-- Problem description --
Please return only the lines from the one with "Oyster Landing tide" through the final line of the data, unchanged, with pictures omitted.

Short descriptive text snippets
++++
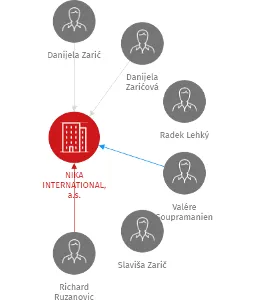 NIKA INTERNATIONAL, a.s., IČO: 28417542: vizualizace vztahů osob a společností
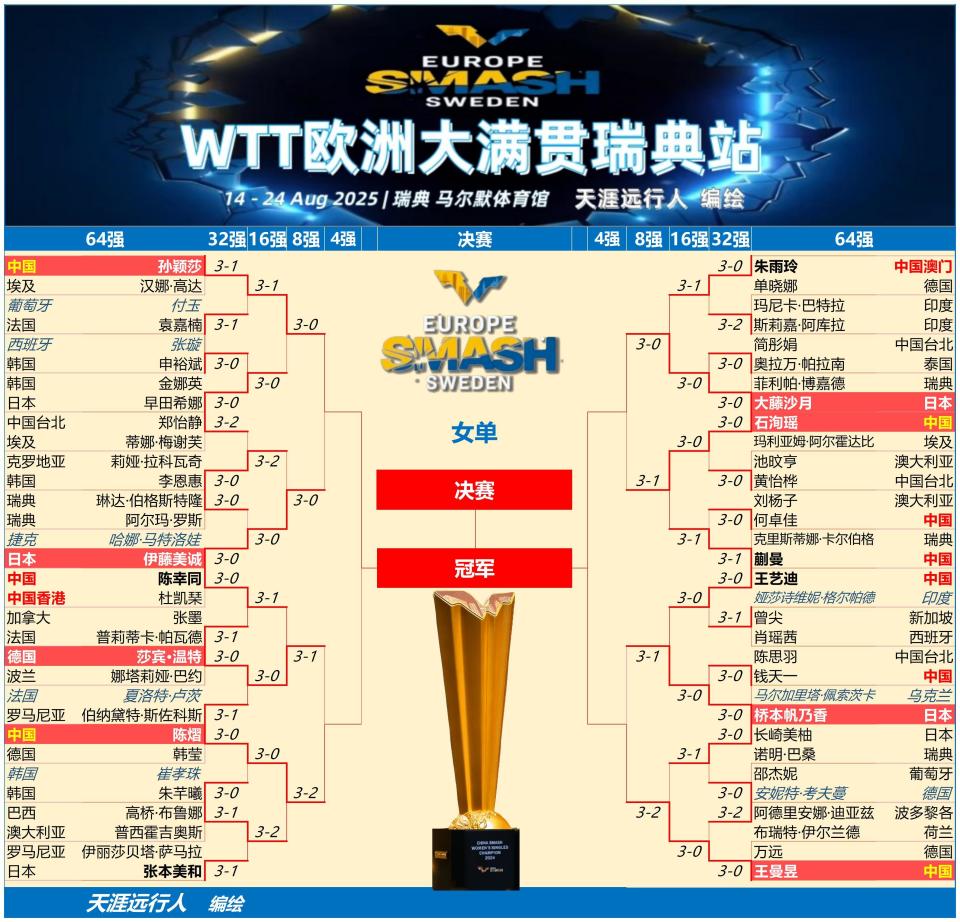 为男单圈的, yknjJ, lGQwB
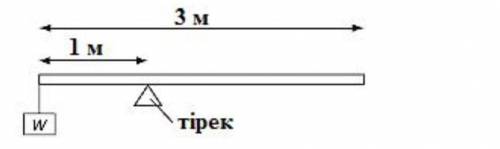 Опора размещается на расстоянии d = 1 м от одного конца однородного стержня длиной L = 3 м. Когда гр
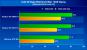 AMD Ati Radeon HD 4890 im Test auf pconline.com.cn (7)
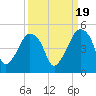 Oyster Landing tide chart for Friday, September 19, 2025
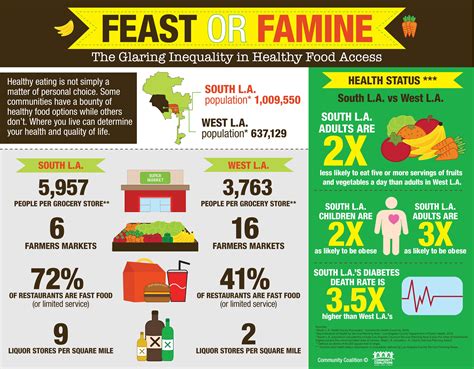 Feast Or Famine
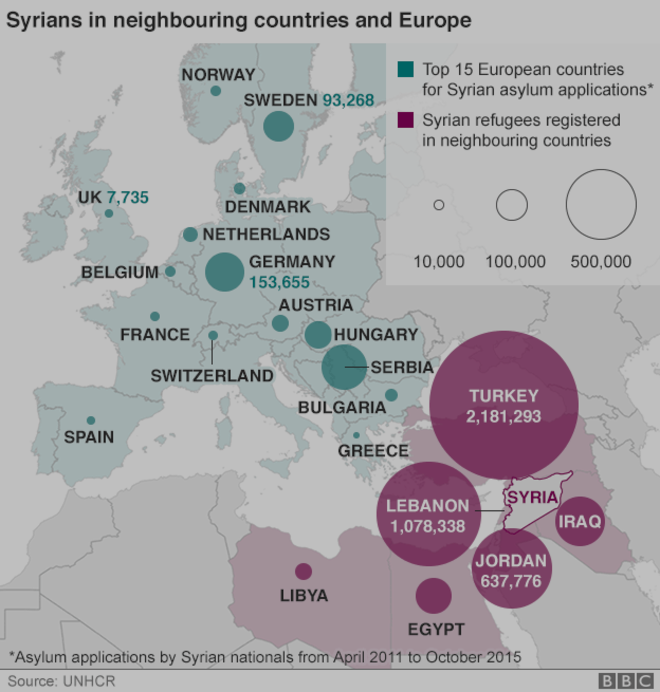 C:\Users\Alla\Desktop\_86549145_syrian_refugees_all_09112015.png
++++
-- Solution --
 Oyster Landing tide chart for Friday, September 19, 2025
 Feast Or Famine
 C:\Users\Alla\Desktop\_86549145_syrian_refugees_all_09112015.png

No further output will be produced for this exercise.